Abdest veya guslederken konuşmak abdeste veya gusle zarar vermez. Ancak bir ihtiyaç olmadıkça konuşmak uygun değildir. Abdest veya gusül almaya başlayan kişi, yaptığı ibadete odaklanmalı, dünyevi meşguliyet, duygu ve düşüncelerden mümkün olduğunca uzaklaşmalıdır (Şurunbulali, Merakı’l-felah, I, s. 44).

Abdestli olup olmadığını unutan ya da abdestinden şüphe eden bir kimse ne yapmalıdır?

Bir kimse abdest aldığından emin olduğu hâlde, abdestini bozup bozmadığı konusunda şüpheye düşerse, o kimse abdestli sayılır. Öte yandan abdestini bozduğunu bildiği hâlde, sonradan abdest alıp almadığından şüphe eden kimse ise abdestsiz sayılır. Çünkü kesin olarak bilinen bir şey şüphe ile ortadan kalkmaz (Mevsılî, el-İhtiyâr, I, 56; İbn Âbidîn, Reddü’l-muhtâr, I, 283).

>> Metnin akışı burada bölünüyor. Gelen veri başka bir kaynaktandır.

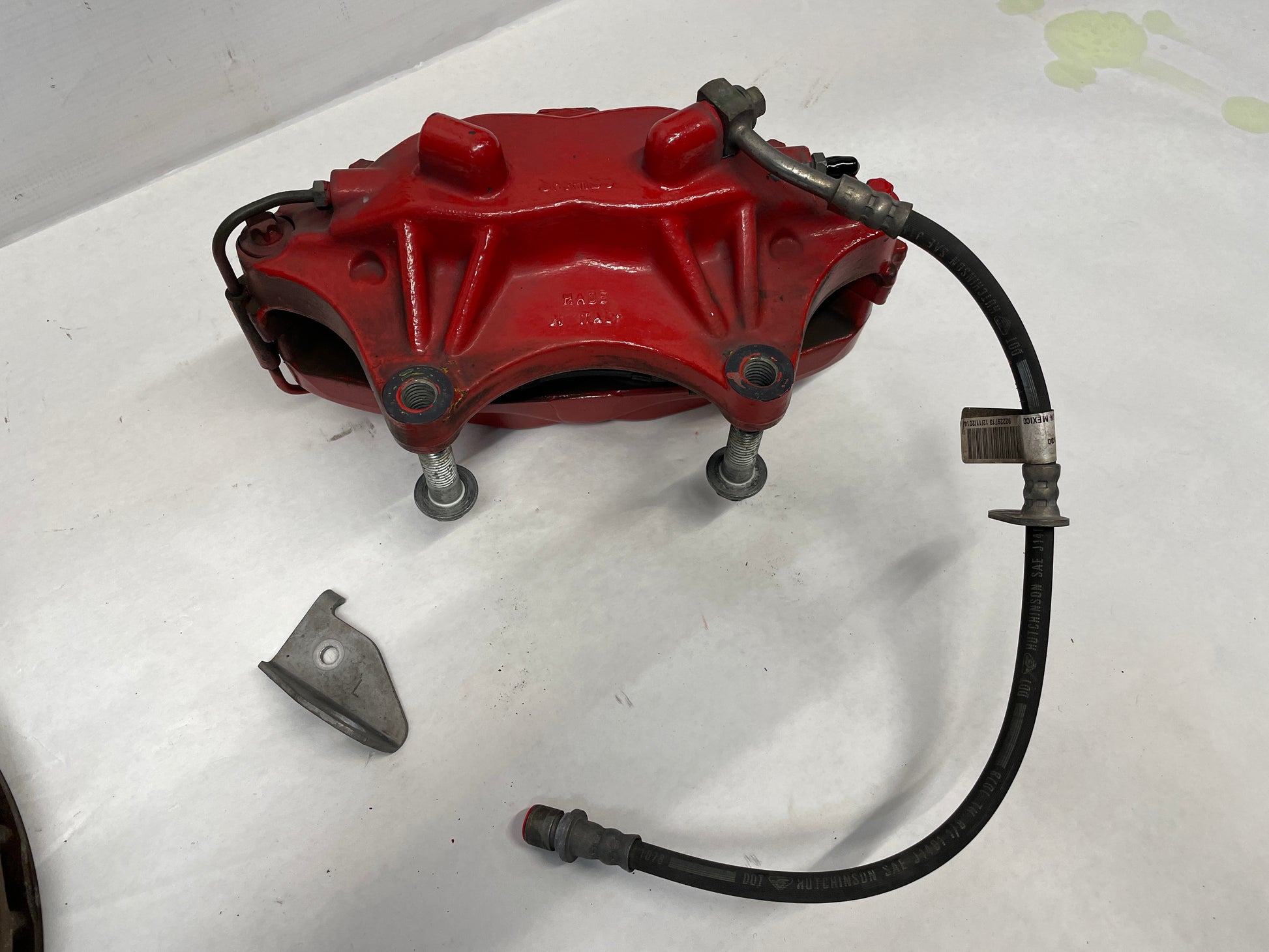 2015 Chevy Camaro SS LH Driver Front Brembo Brake Caliper & Rotor OEM - Day's Parts Yard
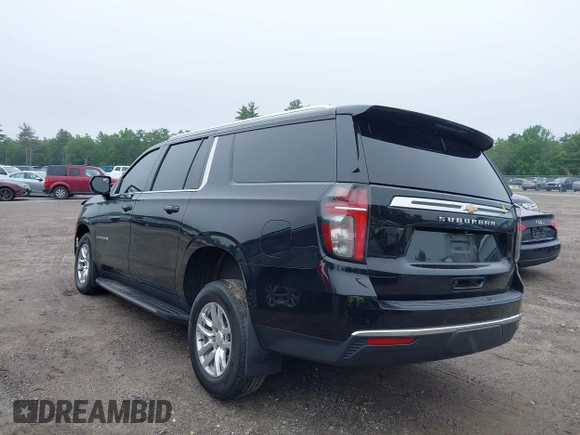 2023 Chevrolet Suburban LS with VIN 1GNSKBKD9PR154654, listed as a IAAI auction lot 42475123 with 131,529 mi miles and . Bid and sale history available at DreamBid. Image 3.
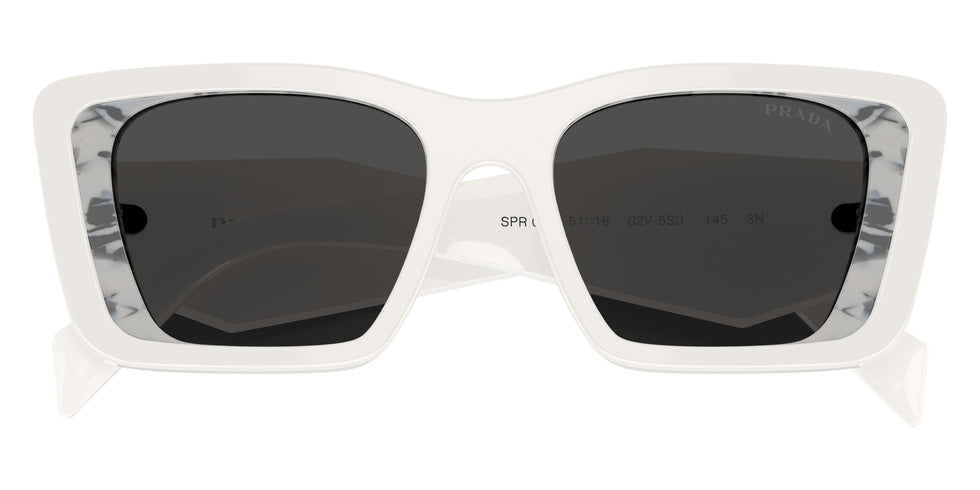 Prada PR 08YS 02V5S0 51 - White/Havana Black / Dark Gray #id:pr08ys02v5s0_s:100120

Gusülden sonra tekrar abdest almak gerekir mi?

Gusül, abdesti de içerdiğinden ayrıca abdest almaya gerek yoktur. Zira, Hz. Âişe, Resûl-i Ekrem’in (s.a.s.) guslettikten sonra ayrıca namaz abdesti almadığını rivayet etmiştir (Tirmizî, Tahâret, 79). Abdullah b. Ömer de “Hangi abdest gusülden daha umumidir ki!” diyerek gusülden sonra abdeste ihtiyaç olmadığını belirtmiştir (Taberânî, el-Mu’cemü’l-Kebir, XII, 371).